As the artificial intelligence revolution unfolds around us, many education researchers and practitioners believe that artificial intelligence will soon lead to highly personalized interventions such as intelligent teachers. In theory, these tools should improve educational progress by responding more accurately to students' needs and engaging them with more relevant learning materials. However, AI application development relies on large, high-quality data sets. This is a standard that is too often not met. That’s because generative AI models are mostly trained on publicly available data, which is opaque, lacks documentation, and is likely to be biased.
The Institute of Education Sciences (IES), an independent scientific agency within the U.S. Department of Education that I led until March of this year, has a wealth of data that can and should be used to improve our understanding of student learning.
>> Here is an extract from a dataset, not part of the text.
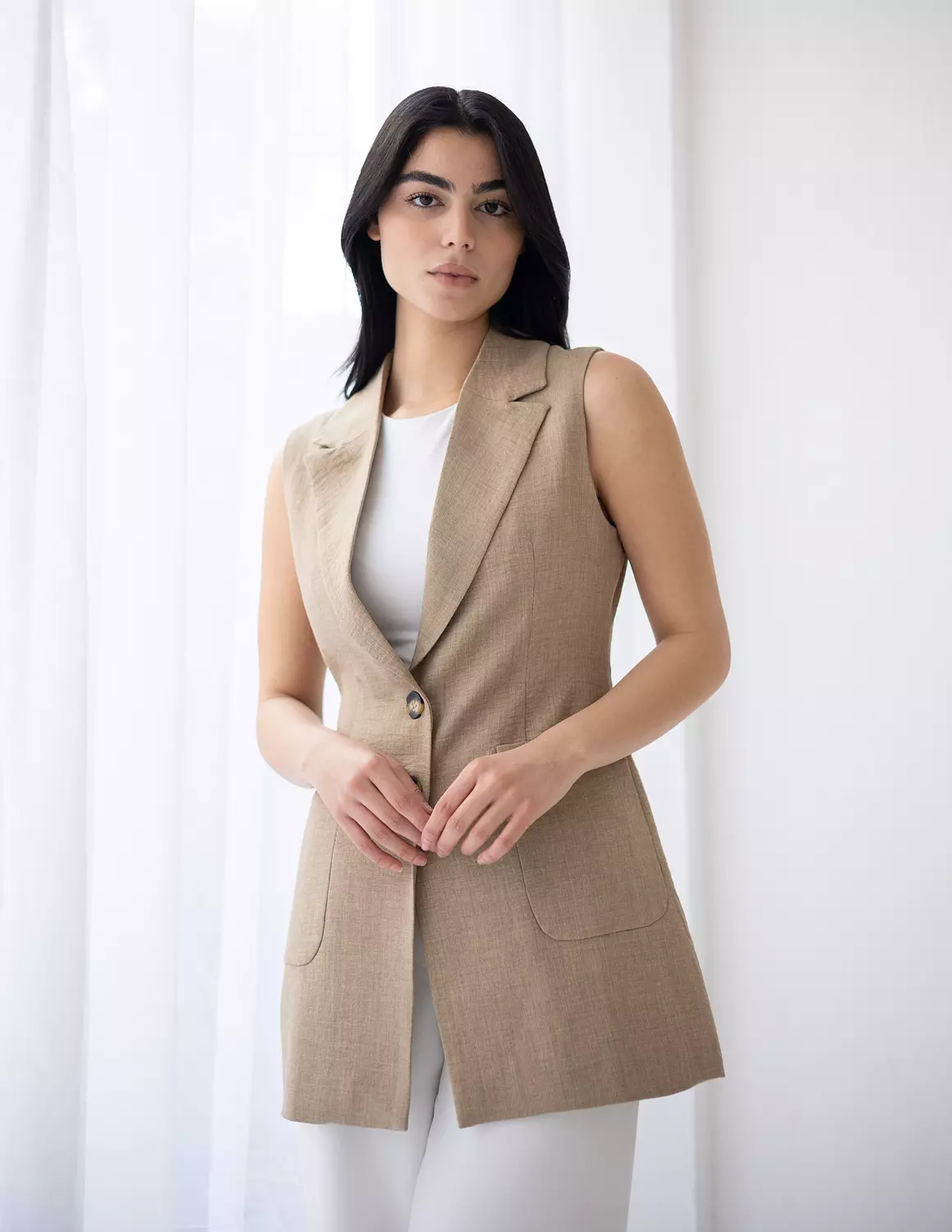 <p><strong>Golden beige long linen vest</strong></p><p><br></p><p><br></p>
This is especially the case for the National Center for Education Statistics (NCES), the statistical unit of the IES that administers the National Assessment of Educational Progress (NAEP).
Through assessments, NAEP programs have amassed a vast amount of high-quality data about what students know and can do. (Approximately 500,000 students take the 4th and 8th grade reading and math assessments every other year; tests in other grades and subjects occur less frequently.) Because NAEP assessments are all nationally representative, NAEP data is useful for AI education purposes. This is especially important. The data does not reflect only a limited portion of the population. Additionally, the data is “labeled.” This means that the assessment has already been scored by an experienced rater and often includes detailed information about the concepts being tested. Over the past five years, well over $700 million in federal revenue from U.S. taxpayers (more than $100 million just for questionnaire development) has been used to generate this treasure trove of data. It contains hundreds of thousands of student essays, math practice problems, and civics test answers. These large datasets can help researchers, policymakers, parents, and teachers use the power of AI to improve student learning and performance.
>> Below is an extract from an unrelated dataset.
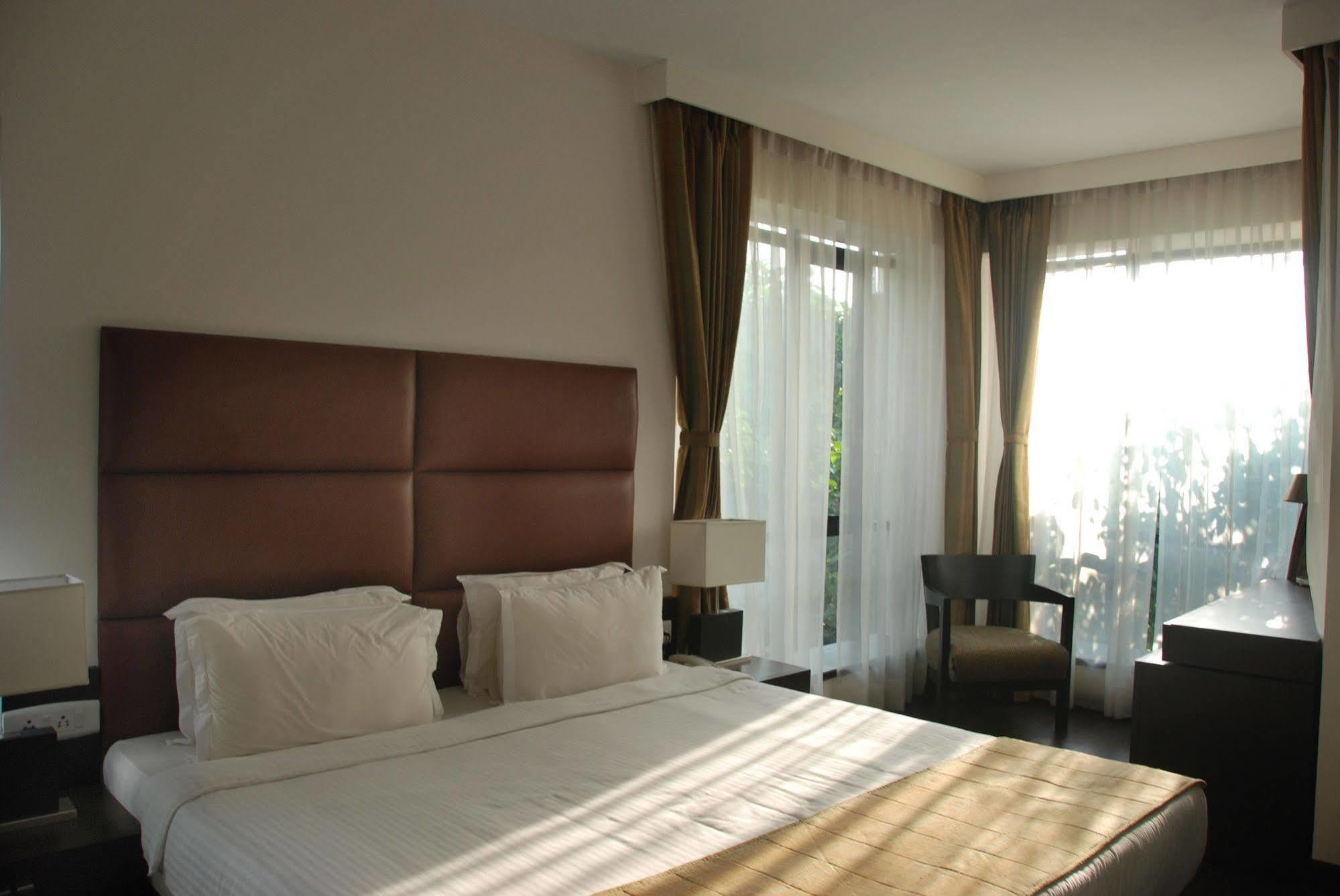 Hotel Metropole Kalkuta Zewnętrze zdjęcie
However, this is not progressing at the desired speed. Accessing data for research purposes through NCES is currently too difficult. Cumbersome application procedures, bureaucratic hurdles, and slow processes plague researchers and organizations alike. For example, a team of accomplished researchers at Vanderbilt University sought access to three NAEP mathematics datasets for nearly a year, but were met with problems, including losing documents that had previously required them to mail them to multiple people, refusing to accept electronic signatures, and more. faced with disappointing management inefficiencies. You can also submit an application for your data.
These problems are caused by paper records stored on CDs and legacy security policies to protect data (remember those?). This is not the world we live in today.
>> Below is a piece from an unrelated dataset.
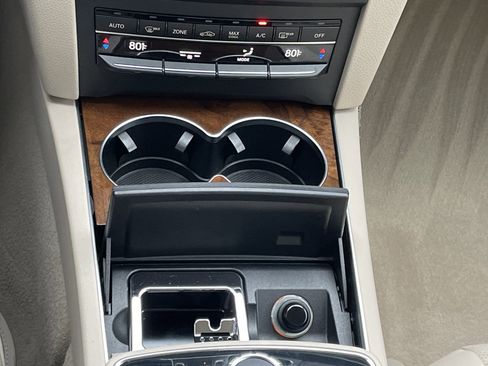 Used 2017 Mercedes-Benz E 400 Cabriolet image 37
Many government agencies, including IES, now provide secure remote access to confidential data sets. The Administrative Data Research Facility (ADRF), created by the Coleridge Initiative, is a secure research platform that provides easy access to sensitive and confidential microdata. It provides a model for how data can be protected while facilitating access to modern cloud infrastructure for improved collaboration, access to shared computing resources, and other benefits. You can now securely access NAEP and other student data from IES through this virtual enclave. State education agencies, workforce agencies, higher education institutions, and non-profit organizations also utilize the facility.
Despite these innovations, remote access to IES data remains a bottleneck. Applicants must fill out an outdated form that references “anti-virus software,” locked file cabinets, computers disconnected from the Internet, and other items that originated in a very different era of data storage and research. Now is the time to remove these long-standing barriers and bring NCES and NAEP data faster to accelerate the development of AI for educational purposes.
The first task is to make a concerted effort to modernize current secure data application processes to make it easier for researchers and developers to get the data they need for their projects. A new request for proposal system is needed to process online applications rather than relying on submitting documents by mail. Digital submissions enable more automated reviews to find and correct low-level errors, such as missing signatures. This frees up trained, well-paid staff reviewing applications to focus on more practical issues. It can also accommodate the proliferation of remote work and multi-agency collaboration by enabling electronic signatures and collaboration online rather than in a physical space.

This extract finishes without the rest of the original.